Já começou a campanha eleitoral mais suja de todos os tempos!

Digo sinceramente meu povo que eu gostaria que acontecesse aquilo que minha saudosa e sábia mãe chamava de “queimar a língua”, que é quando a gente diz e antevê algo que não acontece. Eu aceitaria até ser zoada por estar errada. Mas os sinais de uma campanha eleitoral suja, com o uso dos expedientes mais baixos e covardes, estão por todos os lados.

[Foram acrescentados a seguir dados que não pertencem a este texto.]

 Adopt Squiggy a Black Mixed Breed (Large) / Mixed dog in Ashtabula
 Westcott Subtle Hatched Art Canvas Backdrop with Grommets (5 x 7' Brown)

Jamais vou esquecer aquilo que vi nas eleições suplementares de Coari e nem vou me alongar contando tudo que vivenciei nos dias que fiquei na cidade porque faltaria tempo e espaço nesse texto. Mas basta lembrar das notícias falsas, dos ataques morais, das perseguições feitas a pessoas que apenas exerceram seu direito de escolher livremente um candidato para apoiar e votar.

Citando apenas um exemplo disso, fiquei indignada com punição dada a policiais que queriam apenas fazer o seu trabalho, servir e proteger como manda o juramento desses servidores públicos, mas foram transferidos de Coari para municípios distantes, mesmo tendo família naquela cidade. Mas o povo de Coari, como bem previ, deu uma lição nas urnas em quem acha que pode botar o povo no cabresto.

Mas esse tipo de gente parece que num aprende a lição! A saga deles de ódio, perseguição e difamação continua, até porque é a única arma eleitoral que eles acreditam ter parar tirar do caminho quem pode fazer eles ficarem sem mandato. E, sem mandato, some o tal foro privilegiado e aí num tem essa de não poder ser preso, né mesmo? Pode ficar sem mandato num dia e ir pra cadeia no outro.

E o mais revoltante nessa história é que tem gente que, por dinheiro, aceita fazer o serviço sujo – nesse momento lembro mais uma vez da minha sábia mãezinha que dizia: “a pior coisa minha filha é dinheiro mal ganho, ele só atrai coisa ruim”. Queria que quem publica mentiras e maledicências refletisse sobre o karma que pode advir de dinheiro mal ganho.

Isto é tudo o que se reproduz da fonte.